Initier la Paix
Évangile de Jésus-Christ selon saint Matthieu 22,34-40.
En ce temps-là, les pharisiens, apprenant qu’il avait fermé la bouche aux sadducéens, se réunirent,
et l’un d’entre eux, un docteur de la Loi, posa une question à Jésus pour le mettre à l’épreuve :
« Maître, dans la Loi, quel est le grand commandement ? »
Jésus lui répondit : « ‘Tu aimeras le Seigneur ton Dieu de tout ton cœur, de toute ton âme et de tout ton esprit.’
Voilà le grand, le premier commandement.
Et le second lui est semblable : ‘Tu aimeras ton prochain comme toi-même.’
De ces deux commandements dépend toute la Loi, ainsi que les Prophètes. »
COMMENTAIRE
Ça fait du bien d’entendre des paroles d’amour et de compassion comme celles qui nous sont proclamées ce matin : « Tu aimeras le Seigneur ton Dieu de tout ton cœur … Tu aimeras ton prochain comme toi-même. » « Vous étiez vous-mêmes des immigrés en Égypte… Vous n’accablerez pas la veuve et l’orphelin … Si tu prends en gage le manteau de ton prochain, tu le lui rendras avant le coucher du soleil… c’est la seule couverture qu’il ait pour dormir. » Ces appels nous sont lancés alors que nous sommes encore choqués, tourmentés peut-être, par les évènements graves et dévastateurs qui surviennent en bien des milieux touchés par des actions terroristes.
Nous avons ressenti jusque chez nous ce climat de panique et de peur, de violence et de mort qui est si fortement répandu en certains coins du monde. Nos dirigeants nous assurent qu’ils prennent tous les moyens pour que n’arrivent pas chez nous les attaques et les attentats. Il faut se protéger contre ces jeunes convertis qui se radicalisent, disent-ils, non, les terroristes n’auront pas le dessus.

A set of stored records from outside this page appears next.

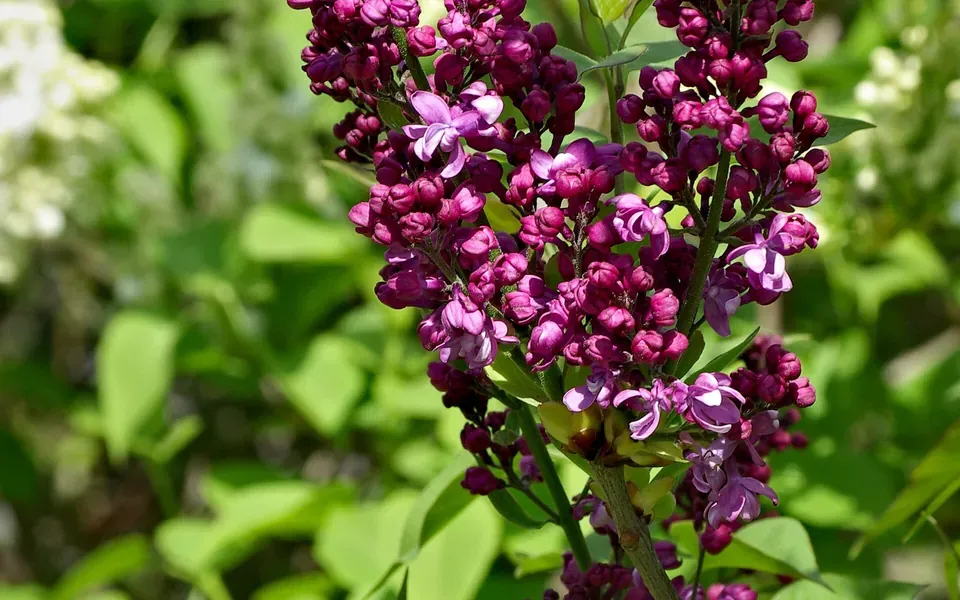 Lilas, au jardin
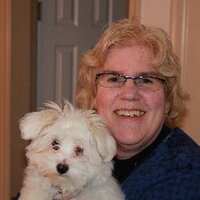 Susan Whitney (@susanwhitney2) 's Twitter Profile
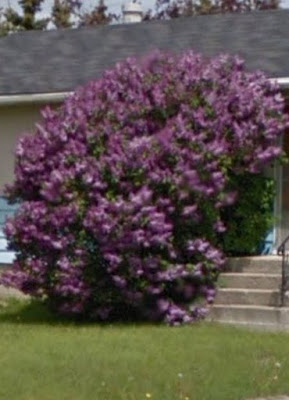 Welcome To The Green Heart Dens Blog Page Our Lilac Shrubs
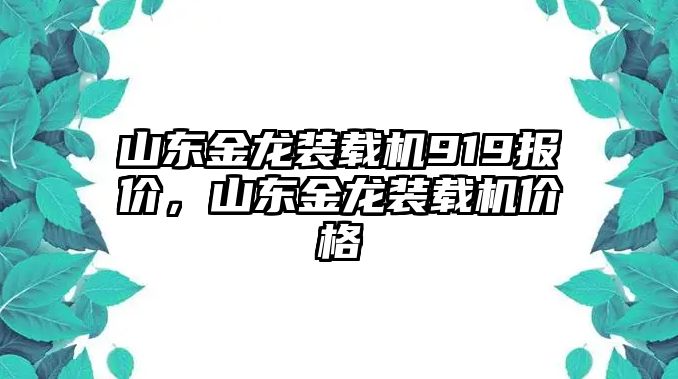 山東金龍裝載機(jī)919報(bào)價(jià)，山東金龍裝載機(jī)價(jià)格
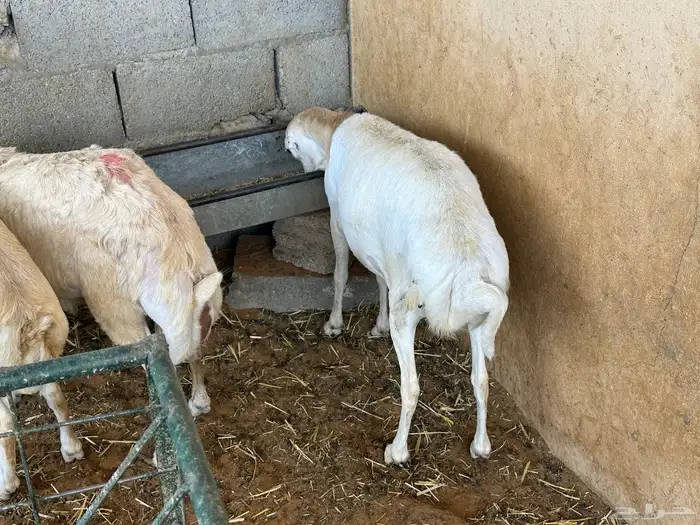 سواكنيات ورفيديات عمر 4 شهور مرابي 93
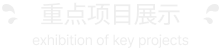 重点项目展示标题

Et nous nous croyons justifiés d’y aller plus fort encore avec les armes et la guerre. Il faut aller combattre là-bas l’État islamique tout en surveillant davantage les allées et venues des loups solitaires prêts à semer chez nous la terreur. On finira bien par gagner cette guerre, pensons-nous. Rien n’est moins sûr. Le risque est trop grand de perpétuer ainsi l’inquiétude, la colère, la violence et la mort.
La parole de Dieu aujourd’hui suggère avec force une autre orientation de nos mentalités et de nos attitudes. Son message porte une option, risquée sans doute, mais qui nous propose à tous un virage audacieux du côté de l’amour, du côté du cœur et de la compassion. Un virage radical. Une invitation pressante à nous convertir. Sans négliger, bien sûr, la prudence élémentaire et les mesures de protection nécessaires, plus que tout il faut oser la confiance, une vie juste et honnête, l’amitié même. Il faut briser par le respect, la bonté et la douceur le cercle infernal du mépris, de la haine et du désir de vengeance.
Les principes de la vie morale chrétienne, tout comme ceux prônés par l’Islam et les autres religions, tendent à la perfection de la justice et de l’amour. Nous n’avons certes pas le monopole de la bonté. C’est une valeur humaine universellement prisée et répandue. Mais il est certain que nous avons des raisons nouvelles et la mission bien spéciale de faire grandir l’amour fraternel sur la terre. La révélation apportée par le Christ nous entraîne en ce sens. Il nous a tracé le chemin du plus grand amour, non seulement par ses paroles mais aussi par le témoignage de sa vie donnée et de sa Pâques. Il y a là une source immense d’espérance, la promesse d’une victoire certaine.
Et nous avons la responsabilité d’être témoins de cette merveille d’amour et de fidélité, de miséricorde, de rédemption et de paix véritable en nous engageant à la suite du Christ sur ce chemin d’Évangile. La compassion, la justice, le partage, l’amour fraternel, ce sont là les manières d’être et de vivre l’Évangile du Christ, des manières désormais gagnantes et contagieuses parce que marquées de la victoire du Christ, notre Sauveur.
Tournons-nous radicalement avec lui vers les petits et les pauvres, et la paix viendra dans le monde : « Si le pauvre – que tu as lésé – crie vers moi, je l’écouterai, car moi, je suis compatissant! » dit le Seigneur.